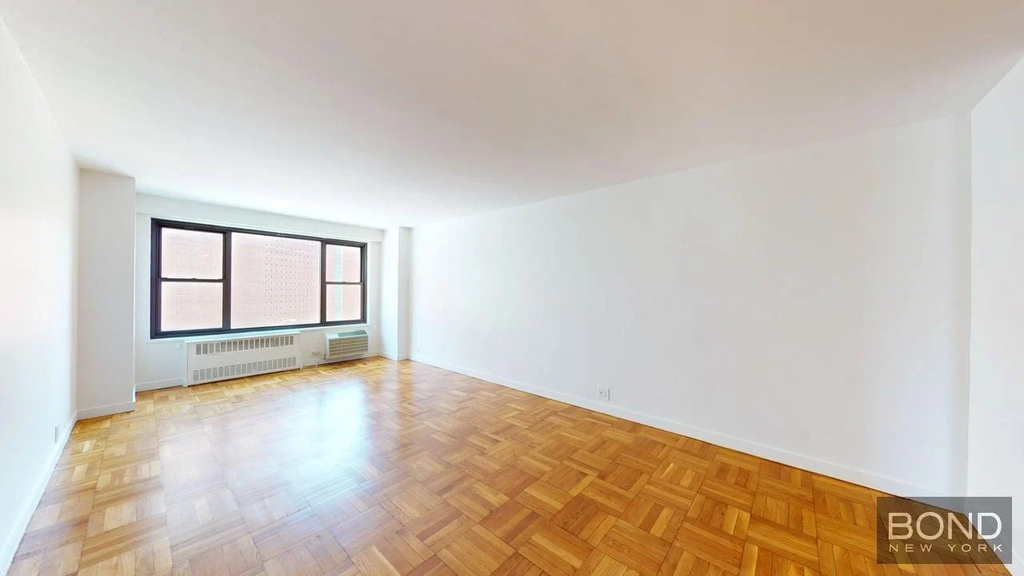 145 4th Avenue - Photo 3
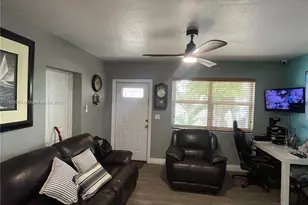 2144 NW 85th St, Miami, FL 33147 - Photo 10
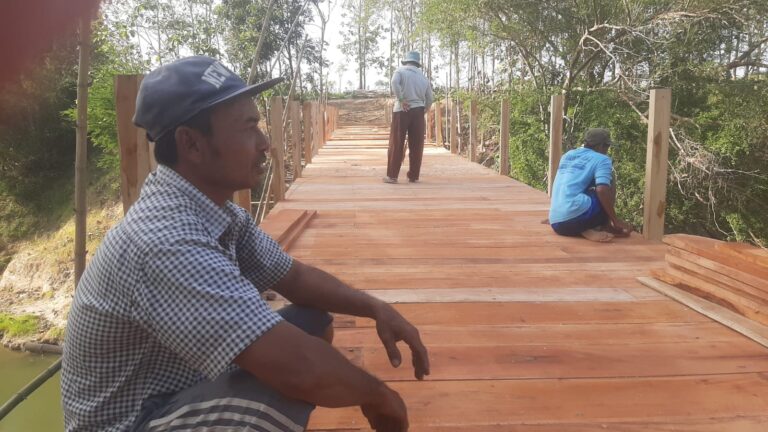 Setelah 7 Tahun Putus, Jembatan Kendayaan Dibangun Melalui Swadaya dan Gotong Royong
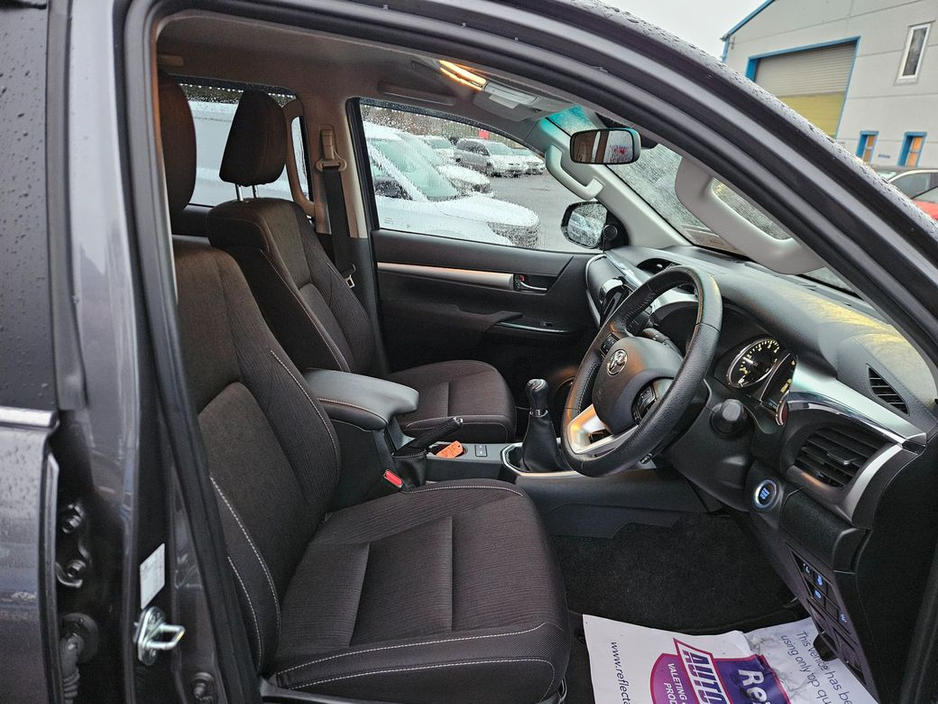 2025 Toyota Hilux 2.8 SR5 Double CAB €54,990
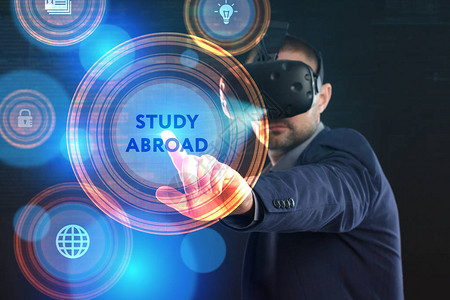 留学移民商业技术互联网和络概念在虚拟现实眼镜中工作的年轻商人看到题背景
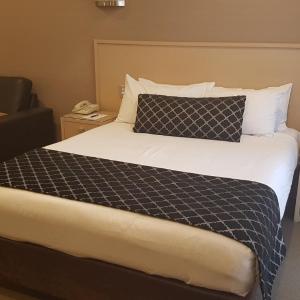 Motel Family Room
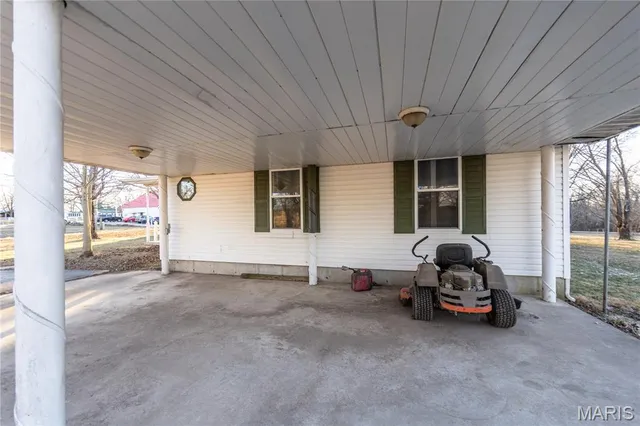 $157,500 | 33 Civey Boulevard, Bixby, MO 65439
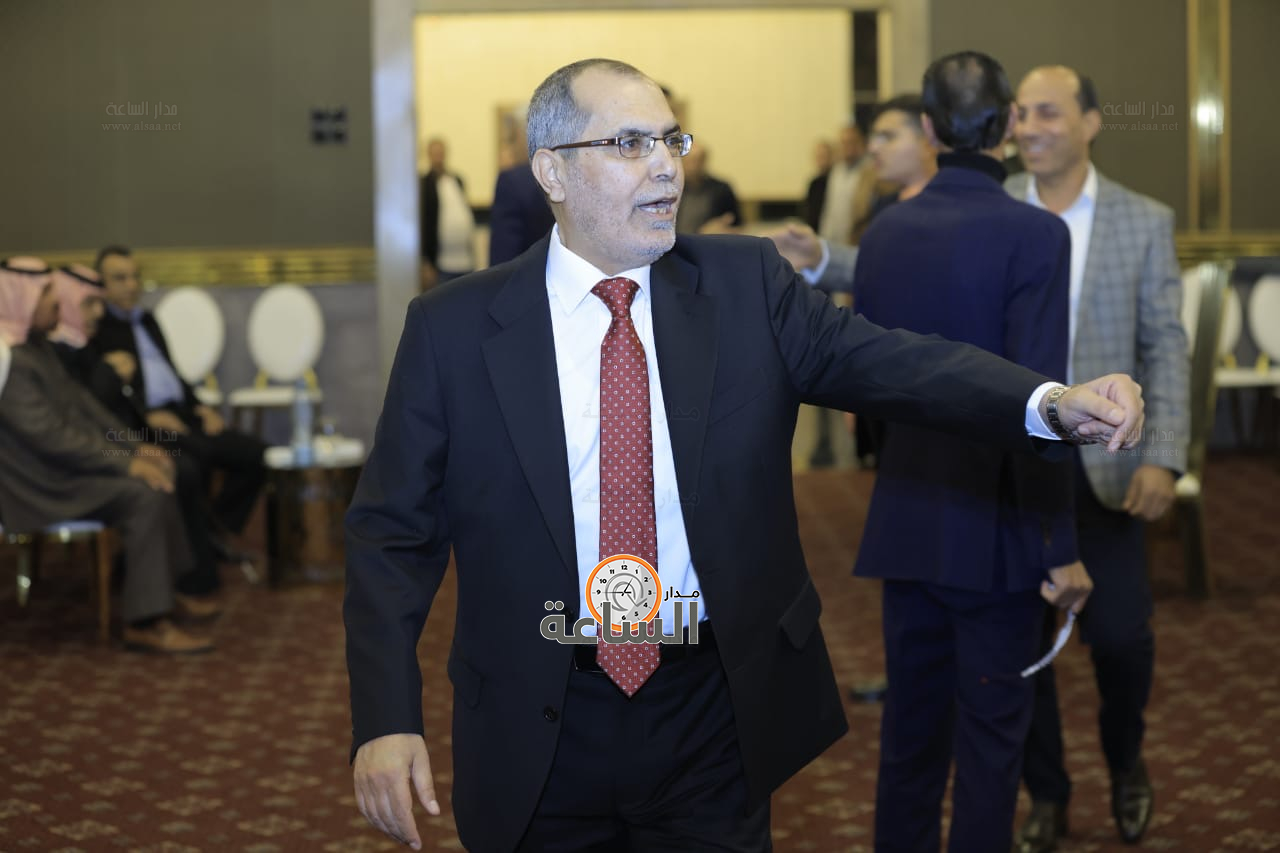 Madar Al-Saa Images 0.002329437891058217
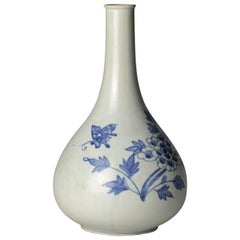 Vase à bouteille de vin coréen bleu et blanc de Joseon du 19ème siècle avec pivoine et papillon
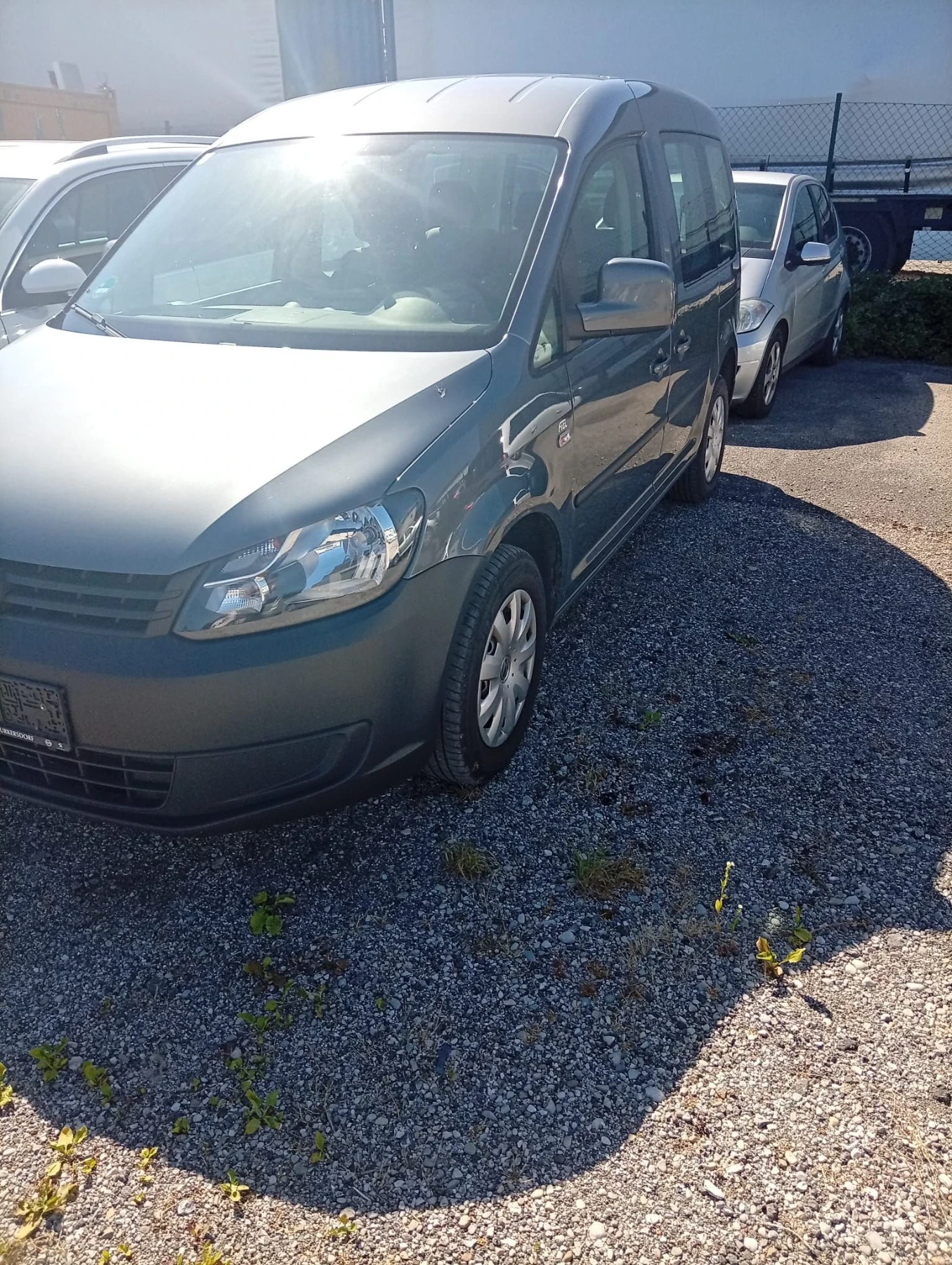 VW Caddy, снимка 8 - Автомобили и джипове - 56117780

## WHAT TO PRODUCE
The lines to copy begin with the one containing "Bixby, MO 65439" and end with the last line of the entries above; copy them exactly, minus the pictures.

## TASK RESPONSE
 $157,500 | 33 Civey Boulevard, Bixby, MO 65439
 Madar Al-Saa Images 0.002329437891058217
 Vase à bouteille de vin coréen bleu et blanc de Joseon du 19ème siècle avec pivoine et papillon
 VW Caddy, снимка 8 - Автомобили и джипове - 56117780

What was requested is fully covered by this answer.